I am wondering what is the best way to model magnetic and electric field shielding from a magnetic dipole in the near field?
For example, let's say you have a coil of current carrying wire in the x-y plane which creates an AC magnetic field along the z-axis. I am interested in a model in which I could put in material parameters (such as $\sigma$, $\epsilon$, $\mu$) for a shielding plate located distance $r$ from the source.
I tried using section 5.4 of an online electromagnetic book which talks about reflection, and transmission of of EM waves. I would estimate wave impedance as $Z=\omega\mu_0r$ which is the equation for near field magnetic source. I determine the intrinsic impedance of the shielding material as $\eta=\sqrt {\frac {j\omega\mu} {\sigma + j\omega\epsilon}}$. I want to try good conductors as well as ferrite so I'm not making any assumptions such as good conductor or loss-less medium.
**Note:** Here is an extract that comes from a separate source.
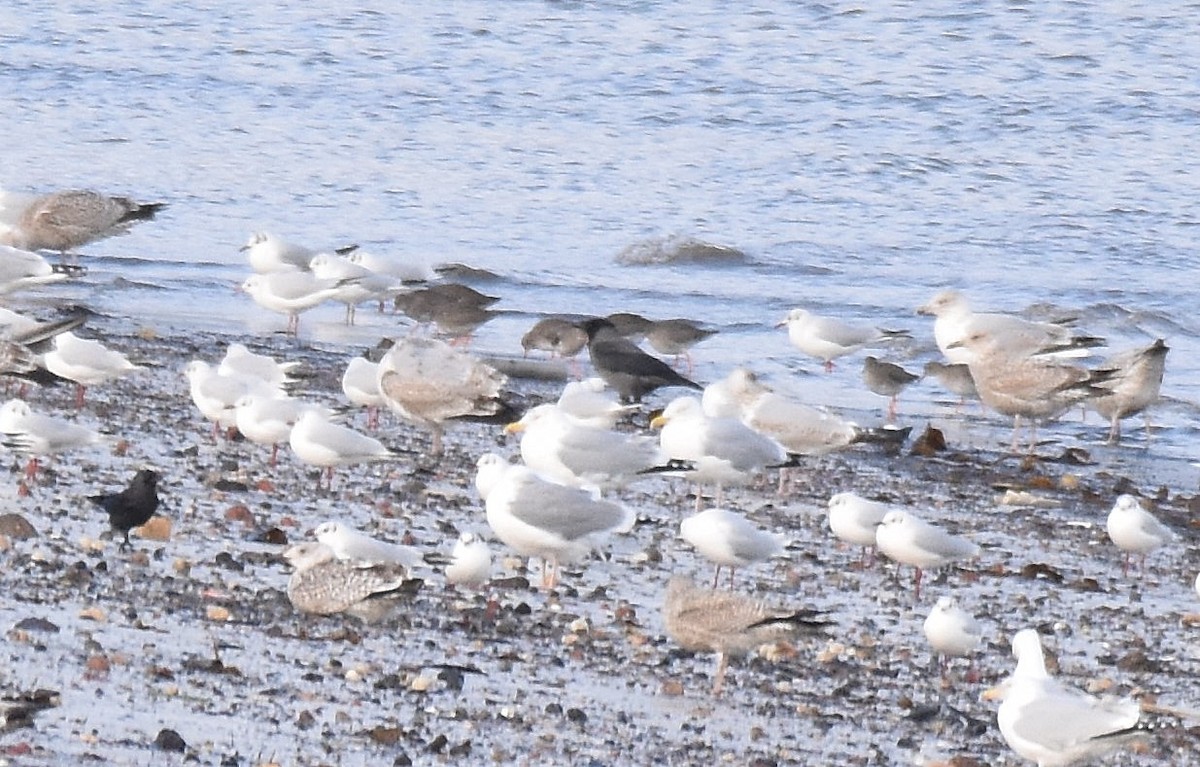 svartkråke x kråke (hybrid) - ML534878941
I implemented this but the result was not what I expected. I would expect highest energy reflection with the ferrite because it has low reluctance to magnetic fields and would guide the flux through it and return to source. However, a good conductor (e.g aluminum) had almost 100% energy reflection, but I was expecting the shielding mechanism of conductors would be all energy lost as absorption from eddy currents.
Let me know your thoughts of whether this is a legit model; I can give more info about parameters/equations used if that's helpful.